Boris Johnson - Tolga Akmen/AFP via Getty Images
Boris Johnson - Tolga Akmen/AFP via Getty Images

“Look, I’m rather pro-European, actually,” he said in 1997. “I certainly want a European community where one can go and scoff croissants, drink delicious coffee, learn foreign languages and generally make love to foreign women.”

He even attended the same European school as Ursula von der Leyen, now the European Commission president, when his father Stanley was a eurocrat in Brussels.

The Prime Minister admitted to “veering all over the place like a shopping trolley” over whether to back Leave or Remain in the 2016 referendum campaign.

There is some schadenfreude in EU circles over Mr Johnson’s downfall, but Brussels is keeping the champagne on ice.

Diplomats and officials are well aware that it was not the plans to renege on the Protocol that toppled the Prime Minister, but his handling of the Chris Pincher affair and partygate. Meanwhile, the Protocol Bill will continue its slow process towards becoming law.

Dublin and Brussels do not want Liz Truss, who is eternally under pressure to prove her Brexiteer credentials after campaigning for Remain in 2016, to succeed Mr Johnson.

Liz Truss Foreign Secretary - Reuters/Hannah McKay/File Photo
Liz Truss Foreign Secretary - Reuters/Hannah McKay/File Photo

The Foreign Secretary’s fingerprints are all over the Protocol Bill, which she forced through despite Mr Johnson wanting to be more conciliatory.

Brexiteer Rishi Sunak repeatedly vetoed any move to trigger Article 16 of the Protocol for fear of an economically damaging trade war with the EU, but that eventually led to the Bill.

Sajid Javid was a Remainer, but is fully reconciled with Brexit, while eurosceptic Suella Braverman will be expected to take a confrontational line.

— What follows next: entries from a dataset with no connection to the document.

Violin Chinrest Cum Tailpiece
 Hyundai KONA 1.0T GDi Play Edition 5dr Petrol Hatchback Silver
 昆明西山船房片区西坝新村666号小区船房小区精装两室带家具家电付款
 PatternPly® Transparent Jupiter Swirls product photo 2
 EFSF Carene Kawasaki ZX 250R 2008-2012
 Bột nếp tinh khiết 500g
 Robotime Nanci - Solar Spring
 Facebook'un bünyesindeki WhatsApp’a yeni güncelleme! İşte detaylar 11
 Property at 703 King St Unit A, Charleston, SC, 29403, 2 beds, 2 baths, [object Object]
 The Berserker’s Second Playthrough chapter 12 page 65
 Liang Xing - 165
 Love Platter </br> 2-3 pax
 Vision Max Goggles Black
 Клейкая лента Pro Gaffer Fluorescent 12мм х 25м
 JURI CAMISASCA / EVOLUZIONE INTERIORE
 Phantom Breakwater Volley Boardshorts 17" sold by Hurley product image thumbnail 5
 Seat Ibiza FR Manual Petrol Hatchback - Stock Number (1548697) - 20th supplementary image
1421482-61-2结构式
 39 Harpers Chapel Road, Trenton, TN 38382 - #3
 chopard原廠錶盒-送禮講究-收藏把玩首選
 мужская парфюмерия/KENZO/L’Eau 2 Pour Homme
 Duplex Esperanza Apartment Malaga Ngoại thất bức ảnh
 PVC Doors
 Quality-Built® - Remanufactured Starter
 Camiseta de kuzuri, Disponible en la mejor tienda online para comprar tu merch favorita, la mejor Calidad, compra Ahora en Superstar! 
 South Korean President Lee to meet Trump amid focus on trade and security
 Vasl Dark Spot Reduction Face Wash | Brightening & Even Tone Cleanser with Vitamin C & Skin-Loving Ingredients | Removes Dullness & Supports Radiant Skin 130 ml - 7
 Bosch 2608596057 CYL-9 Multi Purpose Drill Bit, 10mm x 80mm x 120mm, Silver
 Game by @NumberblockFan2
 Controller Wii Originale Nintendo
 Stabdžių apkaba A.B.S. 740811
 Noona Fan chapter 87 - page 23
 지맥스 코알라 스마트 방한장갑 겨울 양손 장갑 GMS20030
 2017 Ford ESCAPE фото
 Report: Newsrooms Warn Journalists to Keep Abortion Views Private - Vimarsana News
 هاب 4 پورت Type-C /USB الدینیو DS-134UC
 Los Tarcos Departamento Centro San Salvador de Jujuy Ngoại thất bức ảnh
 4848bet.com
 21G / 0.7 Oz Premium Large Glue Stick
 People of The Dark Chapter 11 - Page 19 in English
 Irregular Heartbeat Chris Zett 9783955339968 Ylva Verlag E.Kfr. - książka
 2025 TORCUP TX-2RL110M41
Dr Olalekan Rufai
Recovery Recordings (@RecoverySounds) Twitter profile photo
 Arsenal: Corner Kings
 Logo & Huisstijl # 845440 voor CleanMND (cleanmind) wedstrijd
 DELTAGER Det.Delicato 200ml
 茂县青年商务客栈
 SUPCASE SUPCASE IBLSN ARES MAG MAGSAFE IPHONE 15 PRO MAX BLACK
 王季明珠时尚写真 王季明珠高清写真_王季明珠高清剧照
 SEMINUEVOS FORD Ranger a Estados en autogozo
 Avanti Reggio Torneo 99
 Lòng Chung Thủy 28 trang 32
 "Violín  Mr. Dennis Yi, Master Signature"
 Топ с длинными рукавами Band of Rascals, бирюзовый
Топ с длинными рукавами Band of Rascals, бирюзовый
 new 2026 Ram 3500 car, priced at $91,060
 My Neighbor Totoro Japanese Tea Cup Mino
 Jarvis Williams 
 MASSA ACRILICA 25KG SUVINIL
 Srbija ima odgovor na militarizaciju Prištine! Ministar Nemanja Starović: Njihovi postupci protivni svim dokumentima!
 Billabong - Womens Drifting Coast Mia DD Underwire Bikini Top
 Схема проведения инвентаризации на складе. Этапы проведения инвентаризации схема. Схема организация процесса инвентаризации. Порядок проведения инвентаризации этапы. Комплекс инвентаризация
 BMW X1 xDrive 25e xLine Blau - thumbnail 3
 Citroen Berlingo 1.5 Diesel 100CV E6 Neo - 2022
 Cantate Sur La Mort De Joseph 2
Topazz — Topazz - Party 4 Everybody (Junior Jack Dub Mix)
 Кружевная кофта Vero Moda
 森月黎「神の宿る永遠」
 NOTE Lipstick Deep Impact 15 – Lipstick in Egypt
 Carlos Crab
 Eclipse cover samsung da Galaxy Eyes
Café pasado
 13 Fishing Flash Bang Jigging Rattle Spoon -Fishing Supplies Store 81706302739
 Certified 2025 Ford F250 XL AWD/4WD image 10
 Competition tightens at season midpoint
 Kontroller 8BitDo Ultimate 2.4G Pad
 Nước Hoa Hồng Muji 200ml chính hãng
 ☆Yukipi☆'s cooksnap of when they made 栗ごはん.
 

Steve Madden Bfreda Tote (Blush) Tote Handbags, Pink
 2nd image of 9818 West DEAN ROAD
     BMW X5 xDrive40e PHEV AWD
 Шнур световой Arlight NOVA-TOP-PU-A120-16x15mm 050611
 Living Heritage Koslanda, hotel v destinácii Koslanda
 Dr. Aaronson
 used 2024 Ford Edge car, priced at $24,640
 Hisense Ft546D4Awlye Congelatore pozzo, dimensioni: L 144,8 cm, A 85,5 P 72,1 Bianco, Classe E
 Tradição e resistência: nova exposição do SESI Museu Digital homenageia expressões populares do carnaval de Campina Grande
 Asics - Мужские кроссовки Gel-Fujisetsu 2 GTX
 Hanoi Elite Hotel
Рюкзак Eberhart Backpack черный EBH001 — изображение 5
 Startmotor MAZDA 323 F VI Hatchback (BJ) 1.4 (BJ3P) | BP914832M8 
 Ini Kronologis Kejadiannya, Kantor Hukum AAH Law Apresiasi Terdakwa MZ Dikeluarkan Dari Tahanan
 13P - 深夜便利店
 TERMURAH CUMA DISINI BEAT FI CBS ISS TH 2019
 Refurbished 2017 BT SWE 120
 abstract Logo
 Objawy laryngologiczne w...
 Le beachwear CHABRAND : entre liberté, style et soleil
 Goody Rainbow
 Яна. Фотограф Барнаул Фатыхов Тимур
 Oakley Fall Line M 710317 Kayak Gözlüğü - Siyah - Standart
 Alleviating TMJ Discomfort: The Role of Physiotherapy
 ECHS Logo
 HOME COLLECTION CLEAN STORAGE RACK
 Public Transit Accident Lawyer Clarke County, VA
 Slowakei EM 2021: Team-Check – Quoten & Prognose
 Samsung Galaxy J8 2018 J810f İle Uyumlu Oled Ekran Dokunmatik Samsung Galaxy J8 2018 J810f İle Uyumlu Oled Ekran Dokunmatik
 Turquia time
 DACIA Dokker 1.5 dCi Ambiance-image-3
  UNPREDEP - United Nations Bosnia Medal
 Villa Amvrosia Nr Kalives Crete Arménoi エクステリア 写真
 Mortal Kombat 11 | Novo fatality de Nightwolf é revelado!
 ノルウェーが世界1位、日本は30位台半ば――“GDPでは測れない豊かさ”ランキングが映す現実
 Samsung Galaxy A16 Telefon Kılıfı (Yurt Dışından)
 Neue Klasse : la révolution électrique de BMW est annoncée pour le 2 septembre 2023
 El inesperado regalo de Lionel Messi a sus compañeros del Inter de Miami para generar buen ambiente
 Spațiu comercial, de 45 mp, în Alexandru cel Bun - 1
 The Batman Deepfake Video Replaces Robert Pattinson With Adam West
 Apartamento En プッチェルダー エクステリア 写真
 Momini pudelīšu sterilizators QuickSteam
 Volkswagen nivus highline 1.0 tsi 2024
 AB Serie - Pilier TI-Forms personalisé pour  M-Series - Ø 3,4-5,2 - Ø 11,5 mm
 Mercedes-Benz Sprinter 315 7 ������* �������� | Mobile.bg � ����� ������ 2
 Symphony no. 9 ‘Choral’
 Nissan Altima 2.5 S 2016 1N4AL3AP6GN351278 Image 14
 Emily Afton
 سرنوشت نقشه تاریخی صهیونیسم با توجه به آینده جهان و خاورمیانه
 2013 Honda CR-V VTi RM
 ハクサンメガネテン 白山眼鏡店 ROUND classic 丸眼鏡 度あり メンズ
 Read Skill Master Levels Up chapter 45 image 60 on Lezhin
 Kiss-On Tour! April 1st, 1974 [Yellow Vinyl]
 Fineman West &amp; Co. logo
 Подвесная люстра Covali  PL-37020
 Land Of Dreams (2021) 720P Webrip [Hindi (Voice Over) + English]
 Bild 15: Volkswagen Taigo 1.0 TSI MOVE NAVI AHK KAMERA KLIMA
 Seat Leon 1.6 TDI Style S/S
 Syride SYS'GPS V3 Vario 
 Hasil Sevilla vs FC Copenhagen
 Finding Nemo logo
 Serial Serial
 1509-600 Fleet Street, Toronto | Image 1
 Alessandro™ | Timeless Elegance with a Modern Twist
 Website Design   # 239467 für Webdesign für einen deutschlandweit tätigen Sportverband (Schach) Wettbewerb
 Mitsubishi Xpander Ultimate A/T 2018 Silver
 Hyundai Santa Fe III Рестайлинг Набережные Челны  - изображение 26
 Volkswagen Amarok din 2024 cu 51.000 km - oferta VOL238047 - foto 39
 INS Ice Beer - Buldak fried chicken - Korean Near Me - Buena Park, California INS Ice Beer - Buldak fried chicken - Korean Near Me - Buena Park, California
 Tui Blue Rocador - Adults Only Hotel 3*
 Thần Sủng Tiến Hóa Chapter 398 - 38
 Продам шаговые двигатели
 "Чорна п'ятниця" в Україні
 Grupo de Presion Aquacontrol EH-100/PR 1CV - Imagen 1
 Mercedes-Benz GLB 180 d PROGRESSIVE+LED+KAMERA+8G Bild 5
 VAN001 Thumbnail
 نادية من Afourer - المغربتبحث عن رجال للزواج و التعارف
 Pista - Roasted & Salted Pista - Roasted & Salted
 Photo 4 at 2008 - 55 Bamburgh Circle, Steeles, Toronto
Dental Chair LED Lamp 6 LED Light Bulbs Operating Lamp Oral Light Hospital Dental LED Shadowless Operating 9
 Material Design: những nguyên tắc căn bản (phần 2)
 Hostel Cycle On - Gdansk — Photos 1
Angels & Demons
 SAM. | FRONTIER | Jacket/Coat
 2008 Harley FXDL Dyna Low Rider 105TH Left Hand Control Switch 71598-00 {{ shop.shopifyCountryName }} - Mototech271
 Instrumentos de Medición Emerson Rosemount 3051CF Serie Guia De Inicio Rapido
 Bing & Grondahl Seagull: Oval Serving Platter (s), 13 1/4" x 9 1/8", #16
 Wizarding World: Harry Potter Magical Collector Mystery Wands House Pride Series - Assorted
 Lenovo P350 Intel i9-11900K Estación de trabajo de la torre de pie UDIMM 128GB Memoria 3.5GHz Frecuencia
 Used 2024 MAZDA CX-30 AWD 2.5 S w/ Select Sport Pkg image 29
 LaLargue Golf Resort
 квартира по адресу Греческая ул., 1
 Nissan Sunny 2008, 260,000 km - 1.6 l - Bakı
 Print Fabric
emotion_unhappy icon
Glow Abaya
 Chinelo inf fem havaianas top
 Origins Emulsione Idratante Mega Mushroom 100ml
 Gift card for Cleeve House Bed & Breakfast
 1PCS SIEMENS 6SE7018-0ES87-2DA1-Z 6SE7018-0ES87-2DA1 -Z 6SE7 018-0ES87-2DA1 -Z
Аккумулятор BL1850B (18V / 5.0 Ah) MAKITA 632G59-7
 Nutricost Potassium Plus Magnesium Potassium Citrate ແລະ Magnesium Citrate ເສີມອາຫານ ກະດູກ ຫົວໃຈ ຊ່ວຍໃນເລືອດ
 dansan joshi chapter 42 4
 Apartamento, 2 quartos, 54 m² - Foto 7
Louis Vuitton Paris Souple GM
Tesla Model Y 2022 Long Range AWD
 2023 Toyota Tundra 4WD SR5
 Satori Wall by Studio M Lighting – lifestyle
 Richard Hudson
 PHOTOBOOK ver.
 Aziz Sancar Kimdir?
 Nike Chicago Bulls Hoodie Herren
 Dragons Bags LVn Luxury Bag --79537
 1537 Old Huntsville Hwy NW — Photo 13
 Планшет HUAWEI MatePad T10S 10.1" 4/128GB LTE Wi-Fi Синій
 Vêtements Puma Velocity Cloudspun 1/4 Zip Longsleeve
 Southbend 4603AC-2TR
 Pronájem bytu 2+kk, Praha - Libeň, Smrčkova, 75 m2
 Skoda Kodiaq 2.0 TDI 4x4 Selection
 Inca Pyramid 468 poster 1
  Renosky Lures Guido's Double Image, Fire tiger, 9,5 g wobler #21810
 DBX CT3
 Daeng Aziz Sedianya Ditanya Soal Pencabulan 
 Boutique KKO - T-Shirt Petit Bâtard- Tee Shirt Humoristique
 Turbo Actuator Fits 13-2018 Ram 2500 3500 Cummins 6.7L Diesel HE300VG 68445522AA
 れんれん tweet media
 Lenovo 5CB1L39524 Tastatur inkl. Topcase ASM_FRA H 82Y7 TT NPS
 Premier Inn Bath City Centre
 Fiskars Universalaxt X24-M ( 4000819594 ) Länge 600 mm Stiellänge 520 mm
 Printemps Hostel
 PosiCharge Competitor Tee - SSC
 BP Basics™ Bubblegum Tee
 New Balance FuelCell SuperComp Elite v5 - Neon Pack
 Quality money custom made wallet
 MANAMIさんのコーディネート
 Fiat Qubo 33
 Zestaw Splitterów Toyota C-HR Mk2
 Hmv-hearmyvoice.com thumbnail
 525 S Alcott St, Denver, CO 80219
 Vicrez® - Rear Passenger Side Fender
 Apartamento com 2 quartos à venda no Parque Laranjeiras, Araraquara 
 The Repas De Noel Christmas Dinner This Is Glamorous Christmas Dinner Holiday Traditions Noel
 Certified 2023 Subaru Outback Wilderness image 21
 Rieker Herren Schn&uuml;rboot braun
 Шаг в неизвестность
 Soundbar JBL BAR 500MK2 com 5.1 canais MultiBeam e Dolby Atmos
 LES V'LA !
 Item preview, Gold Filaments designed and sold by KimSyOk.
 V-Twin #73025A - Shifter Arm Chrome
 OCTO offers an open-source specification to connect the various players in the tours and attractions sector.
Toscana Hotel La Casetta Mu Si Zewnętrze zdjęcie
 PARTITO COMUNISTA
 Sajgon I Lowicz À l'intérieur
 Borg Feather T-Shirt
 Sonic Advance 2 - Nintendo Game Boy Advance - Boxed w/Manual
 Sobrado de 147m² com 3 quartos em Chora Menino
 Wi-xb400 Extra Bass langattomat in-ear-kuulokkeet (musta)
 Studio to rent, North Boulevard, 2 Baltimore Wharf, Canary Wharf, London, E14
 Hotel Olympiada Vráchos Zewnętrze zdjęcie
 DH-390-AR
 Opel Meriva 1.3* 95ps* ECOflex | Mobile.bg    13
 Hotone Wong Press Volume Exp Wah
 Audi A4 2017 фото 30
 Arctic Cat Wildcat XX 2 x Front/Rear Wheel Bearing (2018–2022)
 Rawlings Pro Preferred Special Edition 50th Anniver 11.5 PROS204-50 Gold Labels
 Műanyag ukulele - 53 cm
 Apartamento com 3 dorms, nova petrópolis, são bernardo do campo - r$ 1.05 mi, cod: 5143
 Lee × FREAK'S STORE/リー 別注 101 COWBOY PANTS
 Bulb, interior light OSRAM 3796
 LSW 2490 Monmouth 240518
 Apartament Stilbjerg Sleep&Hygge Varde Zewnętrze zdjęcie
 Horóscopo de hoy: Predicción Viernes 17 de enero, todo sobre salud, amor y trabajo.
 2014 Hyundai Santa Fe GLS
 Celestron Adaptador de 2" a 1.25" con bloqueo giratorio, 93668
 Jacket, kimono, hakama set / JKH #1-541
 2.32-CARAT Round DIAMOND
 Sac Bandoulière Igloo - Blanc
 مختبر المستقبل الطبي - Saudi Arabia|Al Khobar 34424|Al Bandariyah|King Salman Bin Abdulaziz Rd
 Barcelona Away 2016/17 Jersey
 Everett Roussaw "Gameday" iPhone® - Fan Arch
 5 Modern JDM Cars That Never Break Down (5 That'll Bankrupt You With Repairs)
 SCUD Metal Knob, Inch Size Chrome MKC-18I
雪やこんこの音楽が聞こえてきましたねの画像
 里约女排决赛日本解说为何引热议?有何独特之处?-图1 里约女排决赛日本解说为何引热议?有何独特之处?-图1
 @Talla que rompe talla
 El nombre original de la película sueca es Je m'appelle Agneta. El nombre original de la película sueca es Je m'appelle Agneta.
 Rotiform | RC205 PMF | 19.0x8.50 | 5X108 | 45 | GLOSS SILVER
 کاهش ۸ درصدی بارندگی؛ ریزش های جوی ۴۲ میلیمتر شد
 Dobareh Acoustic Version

It is hard to see whoever replaces Mr Johnson risking the wrath of the Tory party membership, Brexiteer backbenchers and their Democratic Unionist Party friends by abandoning the trench he has dug over the Protocol.

So far, only Labour is offering the kind of Protocol negotiations that the EU is willing to engage with, but the chances of a general election soon are remote.

Brussels and Dublin fear the exit of Mr Brexit has left the field open for an even more confrontational prime minister.

Europe’s leaders may end up reflecting they were better off with the devil they knew than the devil they did not.